[Dataset items]
.....

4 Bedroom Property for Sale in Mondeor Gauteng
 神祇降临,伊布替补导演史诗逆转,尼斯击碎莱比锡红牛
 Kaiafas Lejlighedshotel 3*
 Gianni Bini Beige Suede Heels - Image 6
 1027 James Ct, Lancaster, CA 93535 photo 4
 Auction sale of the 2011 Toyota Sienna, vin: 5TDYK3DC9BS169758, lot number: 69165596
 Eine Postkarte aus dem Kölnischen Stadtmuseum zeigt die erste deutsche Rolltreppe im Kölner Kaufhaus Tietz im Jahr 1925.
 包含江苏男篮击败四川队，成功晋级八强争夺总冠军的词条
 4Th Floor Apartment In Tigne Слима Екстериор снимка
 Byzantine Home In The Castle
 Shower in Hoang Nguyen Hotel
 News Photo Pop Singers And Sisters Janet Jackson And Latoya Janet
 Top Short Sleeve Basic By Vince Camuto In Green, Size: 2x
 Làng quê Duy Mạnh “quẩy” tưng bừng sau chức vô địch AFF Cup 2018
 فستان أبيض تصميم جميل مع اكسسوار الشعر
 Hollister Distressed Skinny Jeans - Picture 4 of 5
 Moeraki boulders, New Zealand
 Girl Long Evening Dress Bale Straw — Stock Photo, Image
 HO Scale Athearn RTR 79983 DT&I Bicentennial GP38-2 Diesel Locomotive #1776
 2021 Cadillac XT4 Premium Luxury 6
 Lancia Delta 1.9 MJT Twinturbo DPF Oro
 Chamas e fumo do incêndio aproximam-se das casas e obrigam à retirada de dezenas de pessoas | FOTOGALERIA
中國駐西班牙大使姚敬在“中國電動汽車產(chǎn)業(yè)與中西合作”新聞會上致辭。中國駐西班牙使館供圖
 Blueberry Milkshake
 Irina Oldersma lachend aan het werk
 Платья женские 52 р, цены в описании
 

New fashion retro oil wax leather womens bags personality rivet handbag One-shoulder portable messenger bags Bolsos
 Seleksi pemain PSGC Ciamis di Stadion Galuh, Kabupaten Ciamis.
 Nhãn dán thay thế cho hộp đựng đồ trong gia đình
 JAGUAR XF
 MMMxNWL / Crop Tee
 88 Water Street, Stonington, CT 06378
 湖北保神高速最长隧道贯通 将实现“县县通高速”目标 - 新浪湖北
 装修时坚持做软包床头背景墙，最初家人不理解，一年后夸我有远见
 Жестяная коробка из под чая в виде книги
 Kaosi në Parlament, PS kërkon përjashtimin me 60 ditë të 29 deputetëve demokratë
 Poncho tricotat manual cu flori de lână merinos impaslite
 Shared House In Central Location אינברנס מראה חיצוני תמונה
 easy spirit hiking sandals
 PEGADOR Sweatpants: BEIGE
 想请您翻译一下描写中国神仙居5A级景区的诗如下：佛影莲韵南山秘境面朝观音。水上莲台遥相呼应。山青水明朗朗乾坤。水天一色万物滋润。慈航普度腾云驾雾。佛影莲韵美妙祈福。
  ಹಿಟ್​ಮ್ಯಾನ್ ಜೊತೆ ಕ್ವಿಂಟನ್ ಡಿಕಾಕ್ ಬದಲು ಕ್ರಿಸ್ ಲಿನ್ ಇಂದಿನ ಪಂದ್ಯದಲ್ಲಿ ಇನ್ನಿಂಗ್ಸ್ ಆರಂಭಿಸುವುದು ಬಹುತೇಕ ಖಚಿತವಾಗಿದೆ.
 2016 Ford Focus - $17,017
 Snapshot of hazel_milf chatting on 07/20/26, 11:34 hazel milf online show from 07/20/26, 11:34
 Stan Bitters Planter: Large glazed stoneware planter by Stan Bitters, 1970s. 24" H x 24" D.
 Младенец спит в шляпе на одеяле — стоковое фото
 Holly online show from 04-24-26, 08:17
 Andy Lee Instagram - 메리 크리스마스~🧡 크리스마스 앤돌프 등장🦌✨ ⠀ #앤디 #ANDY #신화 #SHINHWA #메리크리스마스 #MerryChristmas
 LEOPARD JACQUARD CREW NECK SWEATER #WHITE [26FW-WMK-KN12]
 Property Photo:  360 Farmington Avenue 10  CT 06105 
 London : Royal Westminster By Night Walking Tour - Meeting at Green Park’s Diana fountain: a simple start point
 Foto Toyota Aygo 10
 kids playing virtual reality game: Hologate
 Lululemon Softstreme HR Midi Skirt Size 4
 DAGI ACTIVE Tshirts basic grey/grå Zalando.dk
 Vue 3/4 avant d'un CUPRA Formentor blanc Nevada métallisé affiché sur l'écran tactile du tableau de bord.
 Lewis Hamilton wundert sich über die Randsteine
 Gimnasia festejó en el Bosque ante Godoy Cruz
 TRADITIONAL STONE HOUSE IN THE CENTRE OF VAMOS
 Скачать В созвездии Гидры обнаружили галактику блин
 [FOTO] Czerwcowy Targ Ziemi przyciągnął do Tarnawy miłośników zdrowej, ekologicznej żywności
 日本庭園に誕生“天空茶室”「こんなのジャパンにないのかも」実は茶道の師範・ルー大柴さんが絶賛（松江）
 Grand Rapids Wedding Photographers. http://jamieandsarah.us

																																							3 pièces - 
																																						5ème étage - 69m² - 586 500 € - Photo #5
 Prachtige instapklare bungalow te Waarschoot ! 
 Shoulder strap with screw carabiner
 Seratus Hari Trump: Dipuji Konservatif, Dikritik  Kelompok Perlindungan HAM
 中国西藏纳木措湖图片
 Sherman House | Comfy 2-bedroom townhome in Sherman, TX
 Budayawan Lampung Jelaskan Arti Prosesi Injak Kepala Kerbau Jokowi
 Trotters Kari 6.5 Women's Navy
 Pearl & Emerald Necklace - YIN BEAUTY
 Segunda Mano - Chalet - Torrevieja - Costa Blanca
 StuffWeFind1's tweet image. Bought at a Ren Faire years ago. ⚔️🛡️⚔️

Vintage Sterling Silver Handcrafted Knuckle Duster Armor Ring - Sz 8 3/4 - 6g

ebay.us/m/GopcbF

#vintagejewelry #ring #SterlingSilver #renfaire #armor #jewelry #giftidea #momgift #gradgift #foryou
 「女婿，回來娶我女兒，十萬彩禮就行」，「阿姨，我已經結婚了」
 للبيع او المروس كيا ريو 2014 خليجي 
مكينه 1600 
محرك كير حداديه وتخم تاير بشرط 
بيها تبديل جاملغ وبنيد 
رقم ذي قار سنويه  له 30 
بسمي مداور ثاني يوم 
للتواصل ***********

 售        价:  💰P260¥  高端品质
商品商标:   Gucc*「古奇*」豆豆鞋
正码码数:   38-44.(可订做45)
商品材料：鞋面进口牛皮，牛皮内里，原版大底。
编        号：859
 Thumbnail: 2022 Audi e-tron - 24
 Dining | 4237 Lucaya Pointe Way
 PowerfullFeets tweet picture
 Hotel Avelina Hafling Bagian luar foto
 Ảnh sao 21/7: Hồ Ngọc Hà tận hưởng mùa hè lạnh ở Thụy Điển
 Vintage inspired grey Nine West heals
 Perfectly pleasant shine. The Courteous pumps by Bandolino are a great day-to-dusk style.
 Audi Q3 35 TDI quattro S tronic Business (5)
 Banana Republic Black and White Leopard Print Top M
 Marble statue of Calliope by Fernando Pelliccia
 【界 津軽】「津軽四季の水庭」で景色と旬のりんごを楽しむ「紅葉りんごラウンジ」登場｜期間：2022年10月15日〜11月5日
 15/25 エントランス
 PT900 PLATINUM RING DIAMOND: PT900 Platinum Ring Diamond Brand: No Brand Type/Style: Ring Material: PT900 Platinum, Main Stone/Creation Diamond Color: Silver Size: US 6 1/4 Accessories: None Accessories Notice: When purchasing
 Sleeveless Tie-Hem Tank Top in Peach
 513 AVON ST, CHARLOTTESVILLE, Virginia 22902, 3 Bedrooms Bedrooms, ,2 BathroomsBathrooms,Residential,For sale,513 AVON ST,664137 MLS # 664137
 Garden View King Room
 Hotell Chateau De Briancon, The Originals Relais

.....

▸ **Activity**:
Repeat word for word from the line holding "Dining | 4237 Lucaya Pointe Way" down to the last line above, including both.

▸ **Answer box**:
 Dining | 4237 Lucaya Pointe Way
 PowerfullFeets tweet picture
 Hotel Avelina Hafling Bagian luar foto
 Ảnh sao 21/7: Hồ Ngọc Hà tận hưởng mùa hè lạnh ở Thụy Điển
 Vintage inspired grey Nine West heals
 Perfectly pleasant shine. The Courteous pumps by Bandolino are a great day-to-dusk style.
 Audi Q3 35 TDI quattro S tronic Business (5)
 Banana Republic Black and White Leopard Print Top M
 Marble statue of Calliope by Fernando Pelliccia
 【界 津軽】「津軽四季の水庭」で景色と旬のりんごを楽しむ「紅葉りんごラウンジ」登場｜期間：2022年10月15日〜11月5日
 15/25 エントランス
 PT900 PLATINUM RING DIAMOND: PT900 Platinum Ring Diamond Brand: No Brand Type/Style: Ring Material: PT900 Platinum, Main Stone/Creation Diamond Color: Silver Size: US 6 1/4 Accessories: None Accessories Notice: When purchasing
 Sleeveless Tie-Hem Tank Top in Peach
 513 AVON ST, CHARLOTTESVILLE, Virginia 22902, 3 Bedrooms Bedrooms, ,2 BathroomsBathrooms,Residential,For sale,513 AVON ST,664137 MLS # 664137
 Garden View King Room
 Hotell Chateau De Briancon, The Originals Relais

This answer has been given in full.